Mgła (pronounced ‘mg-wah’) are a Polish black metal band that began back in 2000. Their very first release was as part of the legendary 2005 split/compilation album ‘Crushing the Holy Trinity’ alongside Deathspell Omega, Clandestine Blaze, and others. Since then Mgła have released a steady stream of EPs, splits and full-lengths, their last release being 2012’s fantastic album ‘With Hearts Towards None’, recognised by many as one of the top black metal albums of that year. Three years on, Mgła are back with another full-length, and in my view this their best release yet, improving on all aspects of their sound.

This album had me hooked from start to finish. The guitarwork is exceptional throughout: impressive in its splendour, terrifying in its maliciousness. Mgła enjoy taking a riff or an idea and pushing it to its limit, seeing how abrasive they can make it. The opening track has a ferocious pace, a whirlwind of blastbeats and eerie, dissonant chords and riffs, but the second track slows things down in an even more brutal way. Opening with a drum-roll and bark, they launch straight into some of the most downright evil and dissonant guitarwork since Misþyrming’s album. “A reward for the perseverant: Unceasing howling of the heart, Bound to walk this path. Nether, again, nether – now and forever.”

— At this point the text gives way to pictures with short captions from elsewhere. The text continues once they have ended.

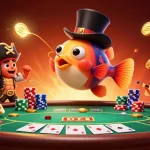 Attract golden coins with 7J777 in a lively cartoon casino scene filled with poker elements.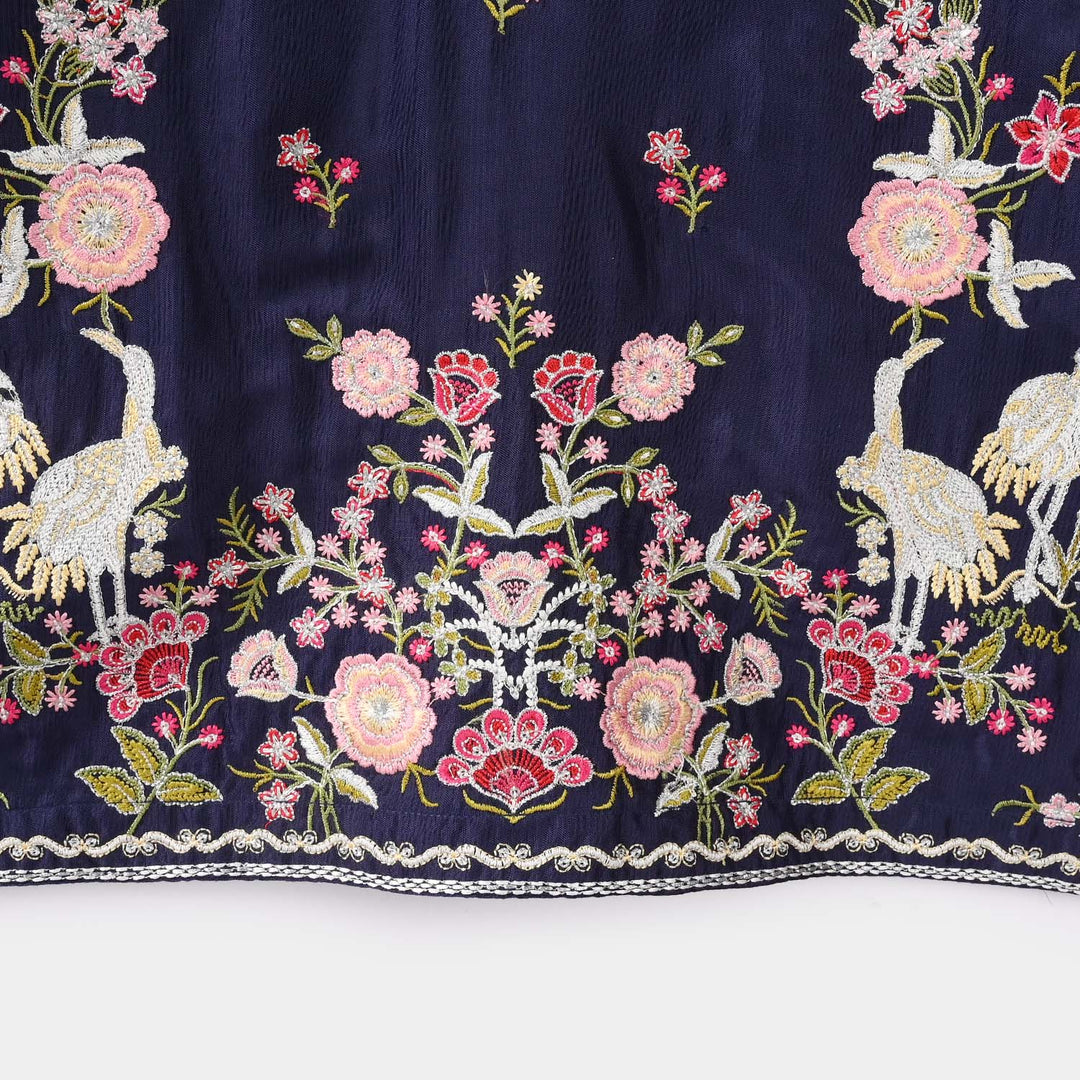 Girls Raw Silk 4Pcs Blossom - Navy Blue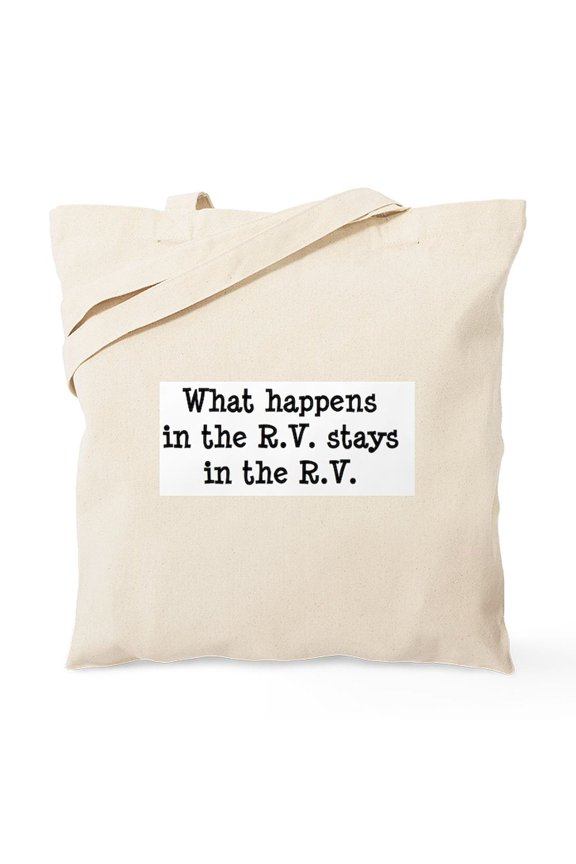 - What Happens In The R.V. Stays In The R.V. Tote Ba - Unisex Canvas Tote Bag, Beige, 1-Piece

In comparison to their previous albums the vocals definitely seem to be much more front-and-centre, M.’s harsh bark adding another element of abrasiveness to their dark arsenal, and his lyrics are one of the aspects of this album that I enjoyed the most. At times the imagery and language used is incredibly compelling. Where some black metal bands sing about Satan and a kind of theological evil, Mgła tend to focus on the everyday horror and hopelessness, and everything about their music is directed towards this goal. Often they reference theological or mythological concepts and tales, but only to bring home a more direct and relevant point about the very real human evil and horror, while exploring themes of madness and the human condition.

The 8-minute-long fifth track, a menacing, rumbling, abrasive and melodic opus, plays on Biblical themes, drawing out the idea that so many of the horrors in the world are entirely down to humans and our own actions, and needed no outside influence by some kind of theistic creature or deity. It is well worth reading through the whole set of lyrics to this album, they really add another layer of depth to their music.

What keeps me coming back to this album is Mgła’s ability to blend abrasiveness and melody, but to do so with the traditional, ‘orthodox’ set of tools. The production is ideal for this style of metal: it sounds raw and gritty, it sounds real and true, while never getting in the way of the music. And there are simply too many fantastic riffs and lead moments throughout this album to mention each one, but the final two tracks in particular with their sprawling length working in their favour. It’s hard to know where to find fault with this album, and if I were really looking to do so I’d suggest that part III isn’t quite as amazing as the rest despite it’s awesome DsO-inspired riffs. But the song is still awesome, and the album as a whole remains a triumph that I think I will be returning to long into the future.